**Assignment:** When you reach the line in the data below that contains "X0000102480222200808221714", please start repeating lines exactly, and stop after the line that contains "Это интересно Шерсть", repeating nothing else.

**Entries shown:**

-*-*-

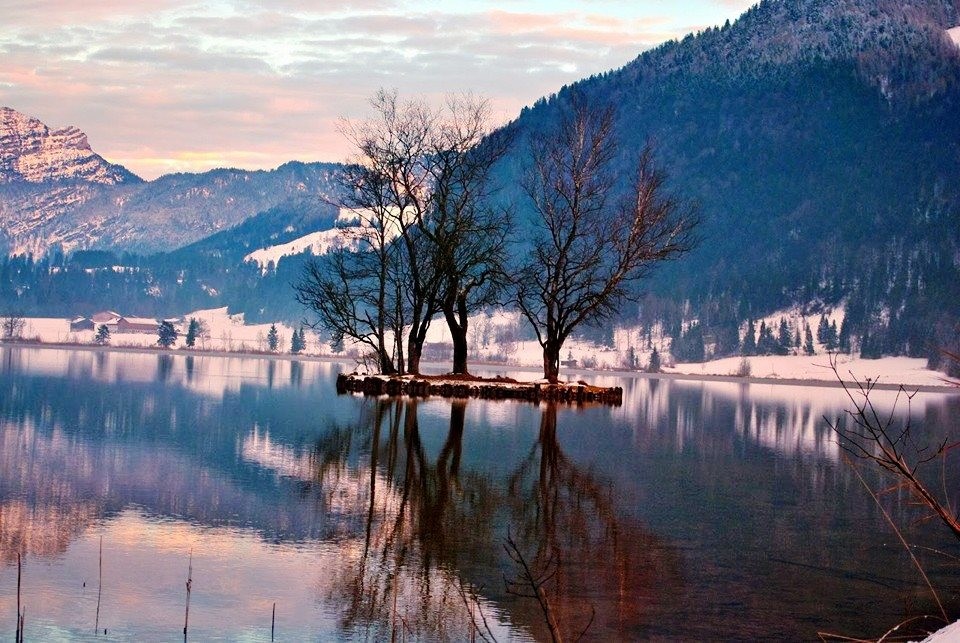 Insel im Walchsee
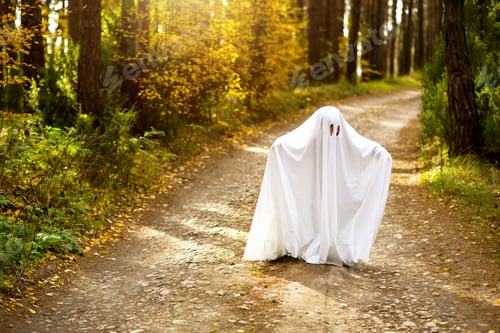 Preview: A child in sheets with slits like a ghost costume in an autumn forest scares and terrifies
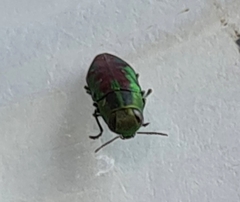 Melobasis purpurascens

-*-*-

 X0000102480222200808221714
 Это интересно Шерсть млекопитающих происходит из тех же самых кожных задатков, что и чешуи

-*-*-

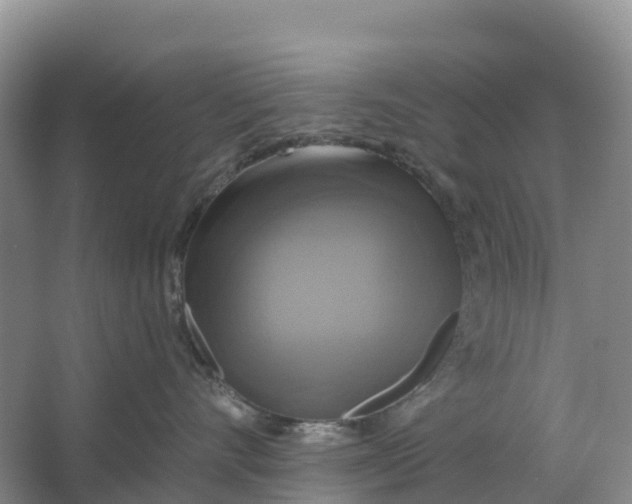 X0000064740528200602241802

-*-*-

**The completed task:**
 X0000102480222200808221714
 Это интересно Шерсть млекопитающих происходит из тех же самых кожных задатков, что и чешуи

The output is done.